It seems that there is no end to the crypto-jacking menace that’s been affecting the web as of late. This post is based on a 13-page report released last week by Sophos, a UK cyber-security firm. Based on the security firm, 19 Android apps were discovered by its engineers that were uploaded and made available through the official Google Play Store.
Using four developer accounts, Sophos was able to discover this kind of technique in the 19 Android apps. Even though most of the infected apps barely has 100-500 installs, one app in particular (extreme.action.wwe.wrestin), was installed over 100,000 to 500,000 Android devices.
Although there are tons of oversaturated articles about illegal crypto-currency mining made by many news sites online, you should know that the mining crypto-currency on smartphones could damage the device permanently. This is based on the analysis made by researchers from Kaspersky who proved this theory when they discovered the Android malware called “Loapi”.

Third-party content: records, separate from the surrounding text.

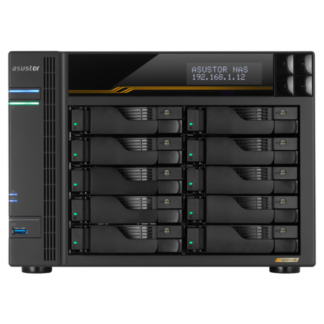 ASUSTOR NAS by ASUS, Lockerstor 10 Gen3 AS6810T 10-Bay Network Attached Storage(NAS)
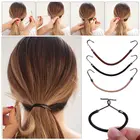 510 шт. модные эластичные заколки бантики, аксессуары для волос нарисованной длинноволосой девочкой резинки с завязками с хвост держатель БАНДЖИ толстый ворс за дополнительную плату повязка на голову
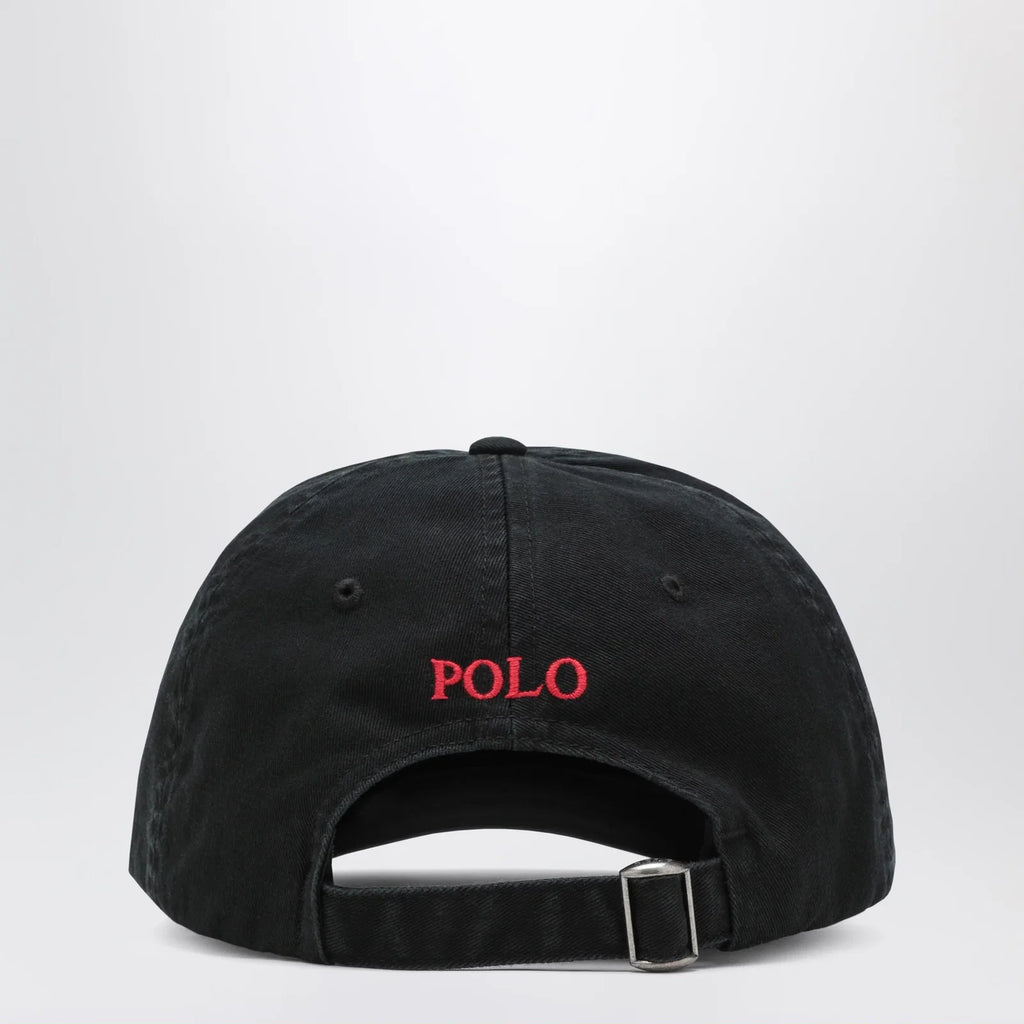 Polo Ralph Lauren Black baseball cap with logo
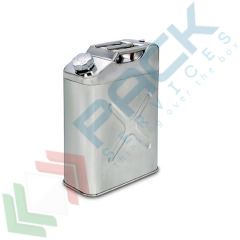 Tanica per benzina acciaio inox, ADR/ONU, 20 Litri, Tipologia: Standard, Capacità: 20 Lt, Colore: Grigio, Rubinetto: NO, Versione: Acciaio Inox vendita, produzione, prezzi e offerte
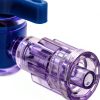 Luer Stopcocks QWORK Stainless Steel 3 Way Purple 5 Pcs-4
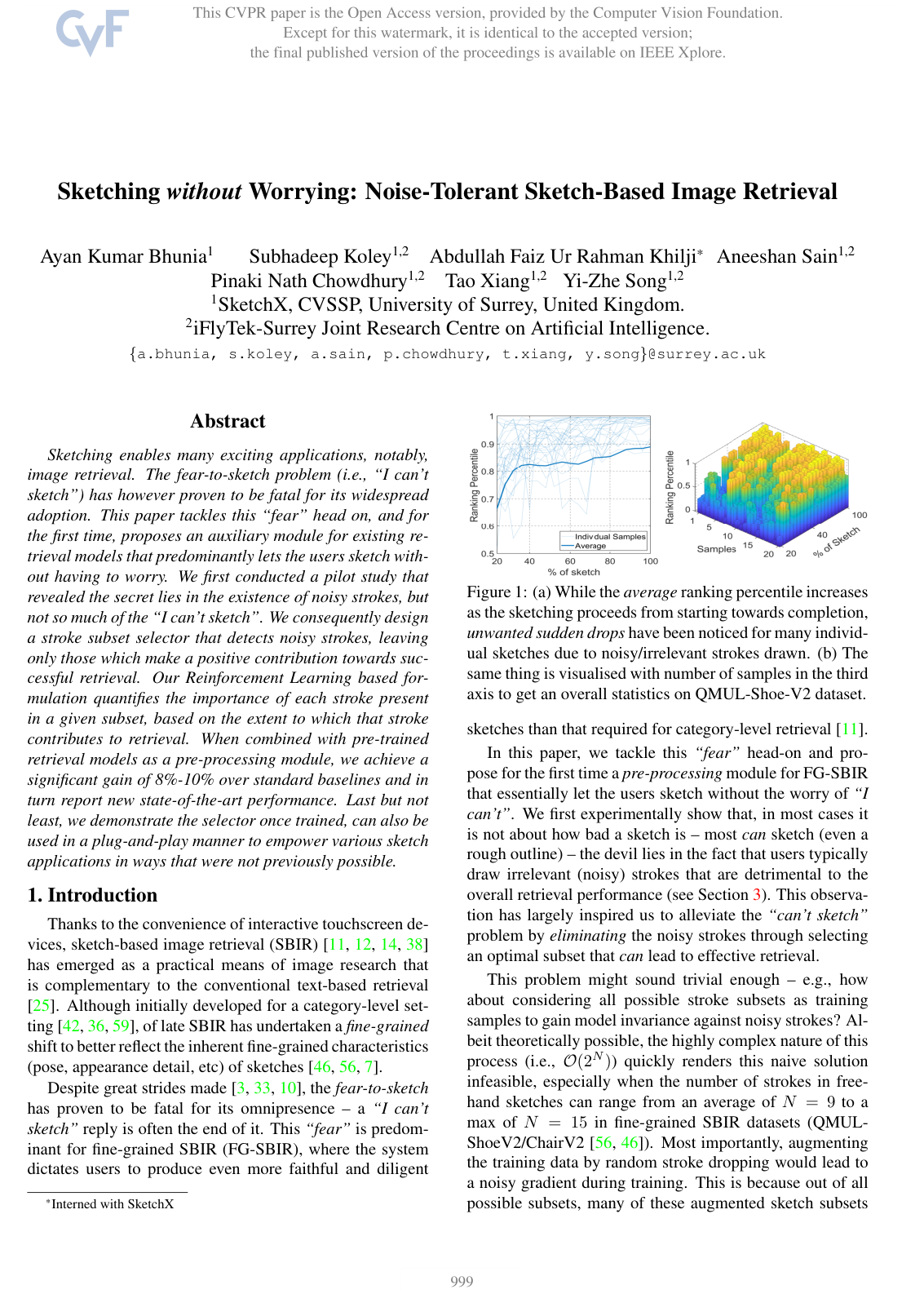 Sketching without Worrying: Noise-Tolerant Sketch-Based Image Retrieval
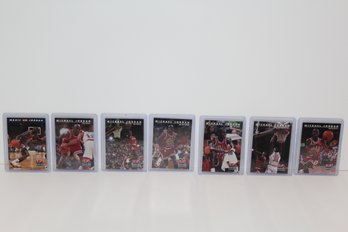 7 Michael Jordan Cards - USA Basketball - #37,#38,#40,#41,#42,#43,#105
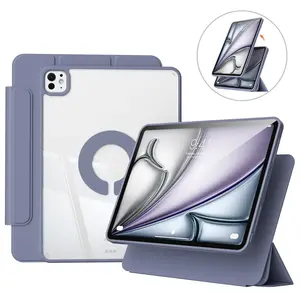 KENKE Magnetic Rotatable Detachable Tablet Case with Pencil Holder, Protective Flip Cover Compatible with iPad, Smart Tablet Accessories, Tablet Casing, Removable Cover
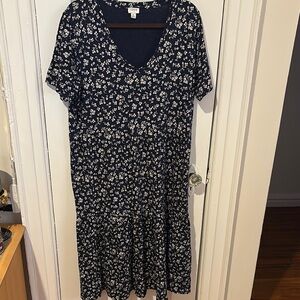 JCrew Floral Navy Dress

Note that you don’t necessarily have to install a malware-laden Android app on your device to be affected. Just yesterday, security researchers from Malwarebytes found a malvertising campaign that targets Internet users who are using Android mobile browsers. The malvertising campaign was discovered to be using a malicious code which was hidden in ads to redirect users to sites that cater to Monero mining while the unsuspecting users were trying to solve a CAPTCHA field in the web page they were redirected to.